Willis B. Smith and Ben E. Garter, for appellant.

Paul Jones, B. B. Bacon and Will Steel, for appellee.

Smith, J.

In the trial of this ease in the court below the court, after hearing the testimony, made a finding of facts, the correctness of which is not questioned. It reads as follows:

“The court finds that H. H. Taylor is a resident of Texarkana, Texas, is a practicing attorney of that city, that he has an office in that city and has no office in Texarkana, Arkansas. He is here prosecuted for failing to pay an occupation tax to the city of Texarkana, Arkansas, for 1931. During that year he appeared in the municipal court of Texarkana, Arkansas, as attorney for various parties at least 25 times. He had one client whose office was in Texarkana, Arkansas, and he consulted with this client as its attorney in its office in Texarkana, Arkansas. He has been admitted to practice before the Supreme court and the other courts of the .State of Texas.
*1146“The court finds as a matter of law that the city of Texarkana does not have authority to impose an occupation tax on attorneys who appear in the courts in that city unless they reside in that city, or have an office or place of business there. Taylor does not have an office or place of business in Texarkana, Arkansas, nor does he reside in that city. He is not therefore liable for the occupation tax, and the court therefore finds him not guilty.
“It is the opinion of the court that the statutes of Arkansas grant to Taylor, as a Texas attorney, the right to appear in the courts of this State. See 60S to 606, inclusive, of Crawford & Moses’ Digest. If the city has the power to tax the exercise of this right, it has the power to destroy it. The court does not think the Legislature meant to vest in the city the right to say who should appear as attorneys in the courts held in the city. The court therefore finds that the power to impose an occupation tax on attorneys which was vested in the city by § 7618 of Crawford & Moses’ Digest did not include the power to tax an attorney who neither resides in nor has an office or place of business in the city, and who only appears in court and/or advises his clients in said city.
“The court therefore finds the defendant not guilty.”

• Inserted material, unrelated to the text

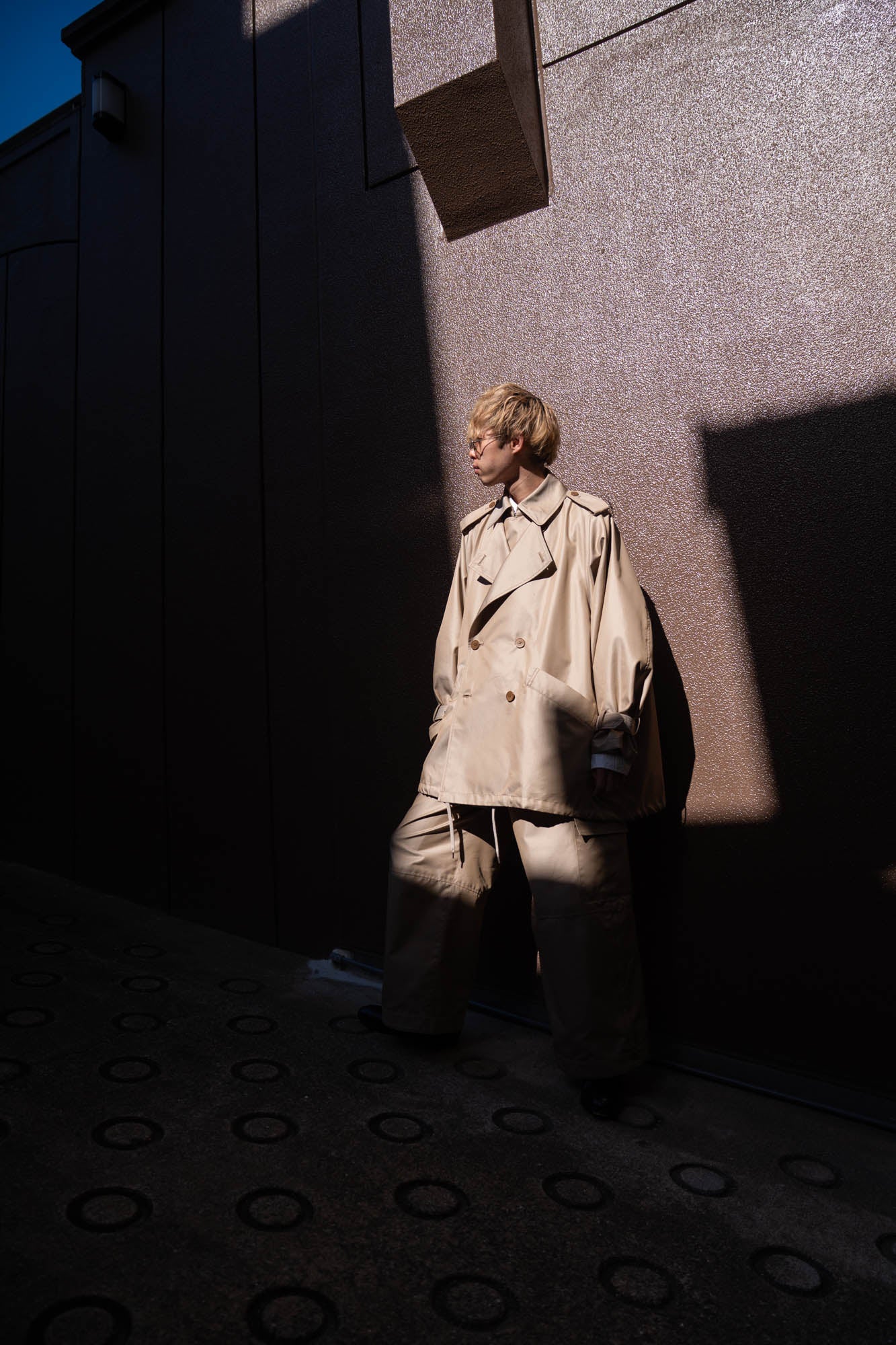 Giza cotton short trench coat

Section 7618, Crawford & Moses’ Digest, to which the court referred, provides that hereafter any city of the first or second class shall have the power to enact ordinances requiring any person, firm, individual or corporation who shall engage in, carry on or follow any trade, business, profession, vocation, or calling, within the corporate limits of such city (with certain exceptions not here involved) to take out and procure a license therefor, and to pay into the city treasury the amount of money specified in such ordinance for such license and privilege.

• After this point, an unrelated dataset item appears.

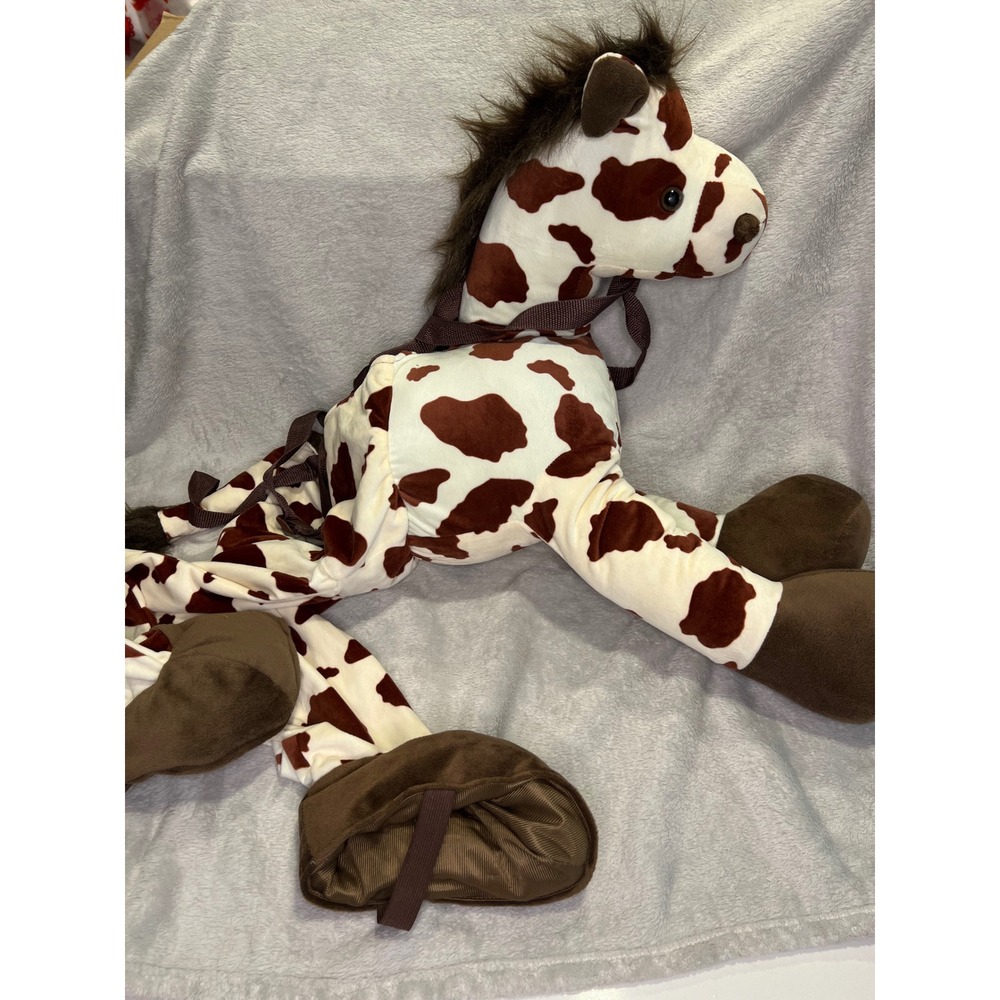 Unbranded Horse Costume Cow Print Plush Ride On Adjustable Brown White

Pursuant to the power thus conferred, the city of Texarkana, a city of the first class, passed an ordinance imposing an occupation tax, which provides: “That it shall be unlawful for any person, firm or corporation or' *1147individual in the city of Texarkana, Arkansas, to engage in the following businesses, trades, occupations, vocations, callings or professions without having first obtained and paid the license therefor from the city collector, the amount of which license is hereby fixed in this ordinance.” Attorneys-at-law are included in the occupations there named and taxed.

Similar ordinances, .enacted in other cities have been upheld, and the question of power need not be reviewed. That has been definitely settled. Davies v. Hot Springs, 141 Ark. 521, 217 S. W. 769; McIntosh v. Little Rock, 159 Ark. 607, 252 S. W. 605; Shepherd v. Little Rock, 183 Ark. 244, 35 S. W. (2d) 361.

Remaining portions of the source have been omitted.